# Ati Tray Tools enables inexistent 2D mode in non ref cards?



## erixx (Apr 3, 2010)

I just installed the latest beta of Ati Tools, and made some profiles.

Just as before in Afterburner I made 1 profile for 3D mode, that is overclocked. In my case I find 925/1025 stable under all circumstances with my Gigabyte 5850OC (non ref card, without the original Voltage chip)

Then I made a 2D profile at 500/500 and selected from the -new to me- voltage drop down box: 0,9 V. No tables or more options, only 1,08 and 0,9.

I never saw this option before, not in CCC, not in AMD Clock, not in Afterburner.

It's not a big difference with the 3D mode voltage of 1,08.... I'd like to ask what the good ole 2D voltage of Reference boards is...

AMD clock detects the difference in voltages when I switch profiles back and forth.

EDIT: I should have said ATI TRAY TOOLS, thank you erocker!!!

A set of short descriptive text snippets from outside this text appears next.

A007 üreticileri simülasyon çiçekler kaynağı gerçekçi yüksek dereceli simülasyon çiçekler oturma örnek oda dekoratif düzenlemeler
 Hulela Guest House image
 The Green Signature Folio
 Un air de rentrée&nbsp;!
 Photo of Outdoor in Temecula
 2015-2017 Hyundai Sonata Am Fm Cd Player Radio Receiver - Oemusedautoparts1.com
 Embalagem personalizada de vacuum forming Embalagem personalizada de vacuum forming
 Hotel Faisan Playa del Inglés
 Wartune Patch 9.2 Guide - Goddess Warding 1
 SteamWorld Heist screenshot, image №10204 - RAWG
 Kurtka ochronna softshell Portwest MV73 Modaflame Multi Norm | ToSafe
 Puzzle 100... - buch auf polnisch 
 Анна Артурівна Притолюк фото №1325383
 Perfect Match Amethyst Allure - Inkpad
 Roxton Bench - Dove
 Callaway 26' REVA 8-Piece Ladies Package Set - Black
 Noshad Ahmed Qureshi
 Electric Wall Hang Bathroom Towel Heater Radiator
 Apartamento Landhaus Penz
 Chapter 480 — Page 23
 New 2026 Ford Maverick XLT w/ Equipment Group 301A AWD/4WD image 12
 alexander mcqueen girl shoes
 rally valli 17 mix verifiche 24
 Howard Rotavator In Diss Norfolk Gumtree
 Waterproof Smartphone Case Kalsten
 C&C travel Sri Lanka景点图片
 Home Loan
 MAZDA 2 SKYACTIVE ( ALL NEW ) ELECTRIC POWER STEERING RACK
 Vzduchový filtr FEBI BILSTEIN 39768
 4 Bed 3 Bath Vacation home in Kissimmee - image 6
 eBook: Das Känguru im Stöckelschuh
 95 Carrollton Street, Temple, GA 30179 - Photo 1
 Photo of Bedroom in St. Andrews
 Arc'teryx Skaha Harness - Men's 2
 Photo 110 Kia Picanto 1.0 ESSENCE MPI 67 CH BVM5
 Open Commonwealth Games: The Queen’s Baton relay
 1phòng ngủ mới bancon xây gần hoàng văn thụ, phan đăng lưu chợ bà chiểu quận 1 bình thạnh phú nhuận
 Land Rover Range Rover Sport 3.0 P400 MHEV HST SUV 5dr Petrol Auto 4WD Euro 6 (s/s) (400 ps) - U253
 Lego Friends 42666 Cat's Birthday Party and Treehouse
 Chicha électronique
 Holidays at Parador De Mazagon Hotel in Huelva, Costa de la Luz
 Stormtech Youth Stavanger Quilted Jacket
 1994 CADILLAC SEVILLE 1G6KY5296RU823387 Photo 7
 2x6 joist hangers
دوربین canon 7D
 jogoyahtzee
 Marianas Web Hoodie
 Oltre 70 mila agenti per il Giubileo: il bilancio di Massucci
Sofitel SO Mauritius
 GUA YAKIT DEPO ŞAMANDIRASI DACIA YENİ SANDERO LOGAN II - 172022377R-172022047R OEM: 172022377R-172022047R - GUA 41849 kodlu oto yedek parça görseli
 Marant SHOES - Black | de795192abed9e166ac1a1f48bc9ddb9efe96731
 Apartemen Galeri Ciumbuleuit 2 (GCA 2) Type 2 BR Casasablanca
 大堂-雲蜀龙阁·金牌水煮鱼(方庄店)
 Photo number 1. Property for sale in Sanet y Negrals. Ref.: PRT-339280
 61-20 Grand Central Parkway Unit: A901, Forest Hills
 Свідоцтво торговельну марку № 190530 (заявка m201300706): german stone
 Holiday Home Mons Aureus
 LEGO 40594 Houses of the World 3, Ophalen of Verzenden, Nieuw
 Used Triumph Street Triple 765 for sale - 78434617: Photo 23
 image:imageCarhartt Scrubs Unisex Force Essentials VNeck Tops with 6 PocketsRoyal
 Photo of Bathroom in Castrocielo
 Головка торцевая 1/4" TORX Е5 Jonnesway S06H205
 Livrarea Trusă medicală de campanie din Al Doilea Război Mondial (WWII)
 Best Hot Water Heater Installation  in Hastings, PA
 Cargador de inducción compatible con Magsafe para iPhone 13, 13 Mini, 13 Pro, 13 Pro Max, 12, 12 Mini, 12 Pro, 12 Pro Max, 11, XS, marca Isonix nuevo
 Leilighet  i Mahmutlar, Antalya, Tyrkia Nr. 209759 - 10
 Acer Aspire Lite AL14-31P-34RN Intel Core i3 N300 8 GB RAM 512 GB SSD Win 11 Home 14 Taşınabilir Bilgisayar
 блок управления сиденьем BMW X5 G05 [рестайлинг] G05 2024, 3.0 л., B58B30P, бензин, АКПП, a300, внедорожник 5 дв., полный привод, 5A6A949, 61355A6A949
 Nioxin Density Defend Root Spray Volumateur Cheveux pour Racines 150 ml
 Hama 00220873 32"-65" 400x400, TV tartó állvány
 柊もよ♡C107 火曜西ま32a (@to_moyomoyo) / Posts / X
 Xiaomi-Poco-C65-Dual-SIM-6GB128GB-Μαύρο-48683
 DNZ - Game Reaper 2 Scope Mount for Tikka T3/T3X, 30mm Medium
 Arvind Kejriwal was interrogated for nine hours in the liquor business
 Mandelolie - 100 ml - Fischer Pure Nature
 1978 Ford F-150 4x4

Somebody more expert than me may be able to explain this situation. Maybe it's a fake undervoltage? Does it make sense? (If not I'd return to Afterburner which feels easier, but AtiTools has many amazing features...)


----------



## erocker (Apr 3, 2010)

What version of ATi tools? Link where you got it? I wouldn't trust it if it didn't come from this site.


----------



## erocker (Apr 3, 2010)

Now that I think about it, you have ATiTool and ATi Tray Tools mixed up. Go here for ATi Tray tools: http://forums.guru3d.com/forumdisplay.php?f=53


----------



## erixx (Apr 3, 2010)

Original post edited!


----------